Dün şurada, şu oyunu bitirme uğruna iddiaya girdiğimizi anlatmıştım. iddiaya göre saat 19:00’a kadar en fazla ilerleyen arzu ve isteklerini belirtecekti. Dün ben 12. piramitdeyken ablam maalesef 11. piramitdeydi :). Çok heyecan verici ve çekişmeli bir iddia oldu, gerçekten zevkliydi. Ancak ablamı da tebrik etmek lazım çünkü yılmadı ve benimle aslanlar gibi mücadele etti. Hatta bir ara korkmuştum beni geçecek diye… Şimdi iddianın sonucuna göre benim birşey isteme hakkım var. Gece boyunca düşündüm ve bunu güzel, h-yaman’ın ağzına layık bir kekden aşağısının kurtarmayacağı kanaatine vardım :D. Tabi en fazla bölümü yapmak için sürekli oyun oynamadık, araya işler girdi o oldu, bu oldu. Ha bu arada ben oyunun biteceğinden şüpheliyim :). Neyse iddiayı bir kenara bırakıp yurdumuzdaki bir habere dikkat çekelim. Bayramda Saddam idam edilmiş ve televizyon kanallarımız iyi birşey yaptıklarını zannederek defalarca bu olayı ekranlara getirmişlerdi. Dün Muş’da 12 yaşında bir çocuk evlerinin tavanına bağlı bir ipde asılı olarak bulunmuş. Acaba televizyon kanallarımız hala haber yaptıklarına ya da kaliteli yayın yaptıklarını mı sanıyorlar? Neyse deyip bunu da geçiyoruz. Bugün h-yaman’ın çok çalışması gereken günlerden biri. Yazı yazarken normalde güneşin çıkmış olması lazımdı ama hala teşrif edemediler :D. Bugünlük de bana müsade büyüklerin ellerinden, küçüklerin gözlerinden öper (mucks öpme şeysi), sevdiklerinizin yanında hoş bir gün geçirmenizi dilerim.

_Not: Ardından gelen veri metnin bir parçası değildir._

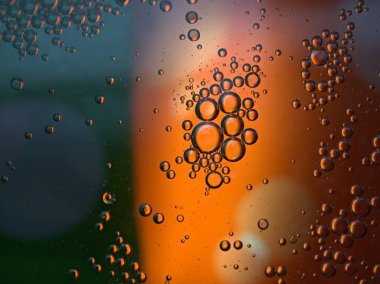 Güzel soyut baloncuklar suda yağ siyah turuncu parlak arka plan, makro görüntü, tatlı renk, bulanık damlacıklar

Huuuhh (Camda Buhar Oluşturma Şeysi)

Dün bahsettiğim soğuklar hala bizi terk etmedi ve donarak geçirdiğimiz evrimi tamamlamak üzereyiz. Gerçi ben alıştırdım sayılır. Atkı, bere, kaban üçlüsü ile pek soğuk işlemiyor. Gerçi bunları giydiğim zaman dış görünümüm iki kart artıyor. Daha da kötüsü ingiliz Ajanları’na benziyorum. Sıcak bir yere girdiğimiz zaman “ohh be” diyoruz Avea reklamında oynamışcasına. Dün bir tane teyze evimizin yanındaki ekmek fırınına gelmiş ve yarım saat çıkmamış. Sebebi sorulunca “burası ne güzel, sıcacık” demiş. Güzel ülkemin güzel insanları işte… Dişicanlar zaten ayrı bir alem bu soğuk konusunda. Dün bir abla gördüm öyle bir giyinmişti ki Sibirya’da bile öyle dolaşabileceğini düşünüyorum şu anda. incecik, yazlık kıyafetle bu havada dolaşılır mı? Demek ki dolaşılırmış. Ben şurda banyoya gidip traş olmaktan korkarken elalem dışarıda transparan giyinip şekil yapıyor. Traş dedim de aklıma geldi. Bu aralar pek sakalımı kesmiyorum. Doğal olarak evde anne faktörü ile karşılaşıyorum. Birazcık uzanyınca zorlamalar, tehditler arka arkaya geliyor. Mecburen kesmek zorunda kalıyorsunuz. Aynı dün sabah da annem traş olmamı istemiş ve bu soğuktan tırsarak ben gelen bu emire itaat etmemiştim :). Ancak baktım rahat bırakılmıyorum mecburen traşımızı olduk. Dakikaya tam olarak tutmadım ancak 2,5 dk kadar sürdü. Kesik yok ama yüzümün çeşitli bölgelerinde kalıntılar var. Efem benim diyeceklerim bu kadar. Yazmaktan ve eşzamanlı soğuktan dolayı ellerimi hissetmiyorum. Gidip sobanın boralarına sarılacağım. Kendinize cici bakınız.